Ttous les humains, connectés, partageant leurs connaissances ; l’éducation de masse et le partage de l’information consolidant la démocratie ; des puissances verticales dépassées par le règne égalitaire de l’horizontalité… C’est l’époque où le philosophe Michel Serres annonçait, en Le monde, en décembre 1996, « année zéro d’une nouvelle manière de partager les connaissances »et où Thomas Friedman, chroniqueur à New York Times, a célébré la libre circulation planétaire de l’intelligence. C’était hier, il y a vingt ans.
Au même moment, une nuée de geeks libertaires annonçait la revanche sur les États citoyens chargés d’informations et la régulation des conflits en donnant la parole à chacun. Internet allait être au 21èmee siècle, ce qu’était l’imprimerie au XVee siècle : une révolution au service du savoir et de l’humanisme.
Et nous voilà à la veille de l’investiture, lundi 20 janvier, à la Maison Blanche, de Donald Trump, flanqué du milliardaire Elon Musk et applaudi par le patron de Meta, Mark Zuckerberg.
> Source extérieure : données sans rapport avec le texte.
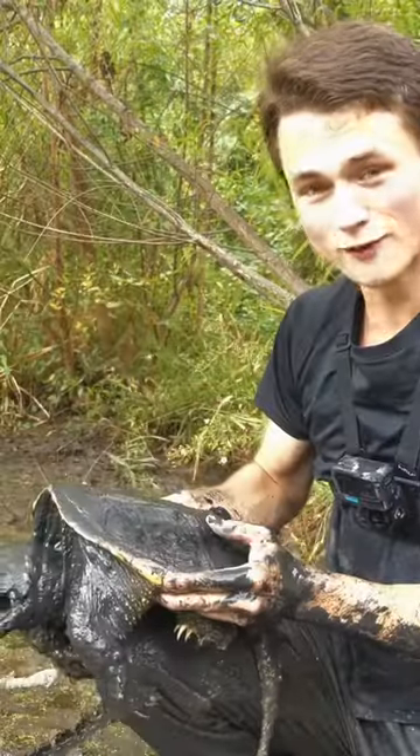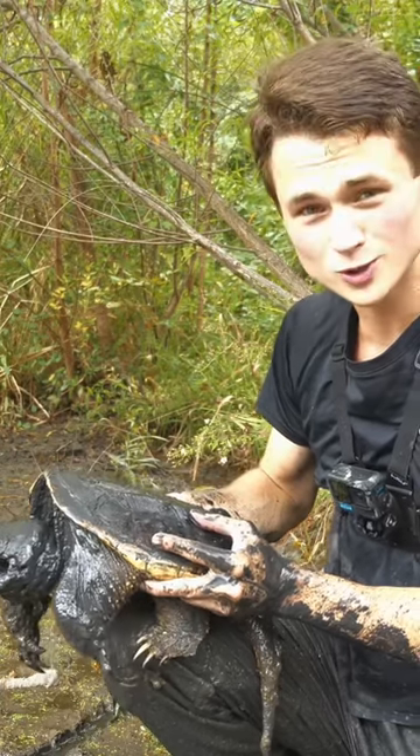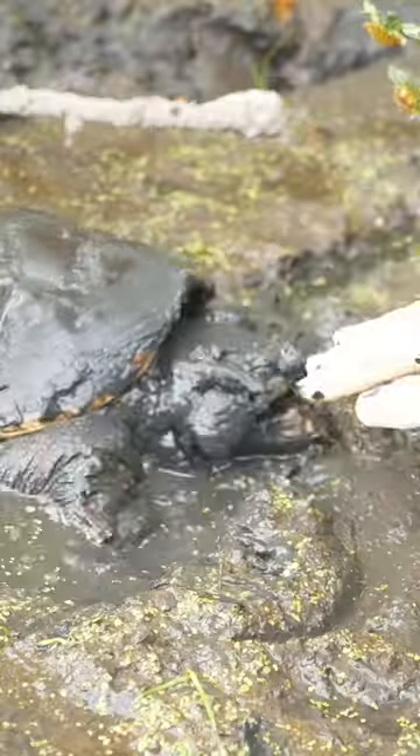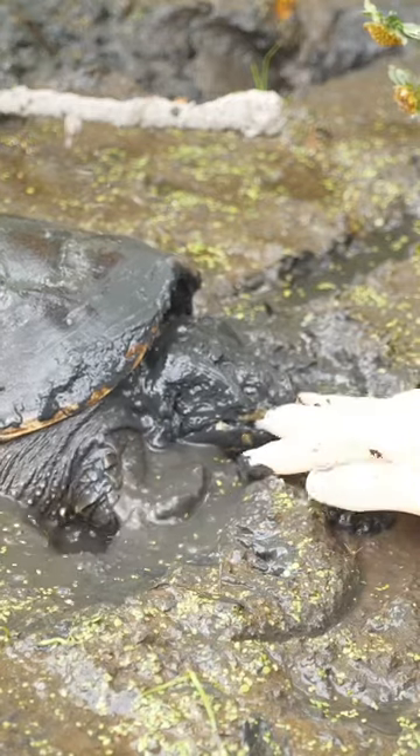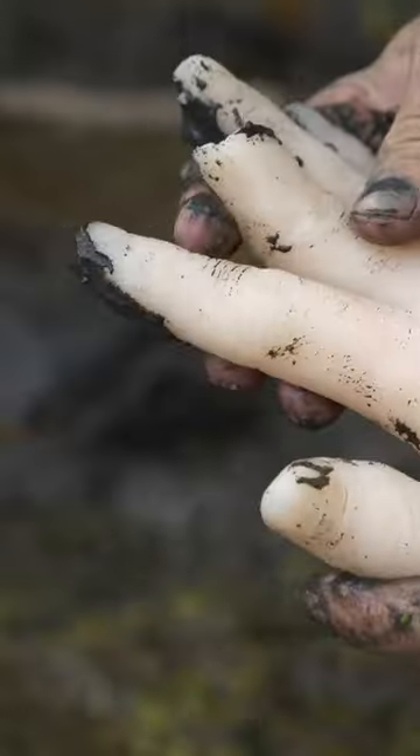Look at those jaws right there. By far the number one thing people ask about when it comes to snapping turtles is how strong is their bite actually? Oh wow, yeah, he's got a hold of it there. Look at the way he is clamping down. He literally just ripped the finger off on this hand.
La nouvelle « trinité » du pouvoir suprême américain incarne le pire d’Internet et voue le meilleur aux oubliettes. Arrivés au sommet de la première puissance de la planète grâce aux réseaux sociaux, ils entendent faire triompher leur aversion pour l’État de droit, leur mépris du reste du monde et leurs intérêts financiers. Au nom de la « liberté d’expression », ils veulent, grâce à leur richesse, imposer leur parole, autoriser l’incitation à la haine et faire régner le mensonge. En France, les marchands de colère applaudissent, tout comme les idéologues du « moins d’État ».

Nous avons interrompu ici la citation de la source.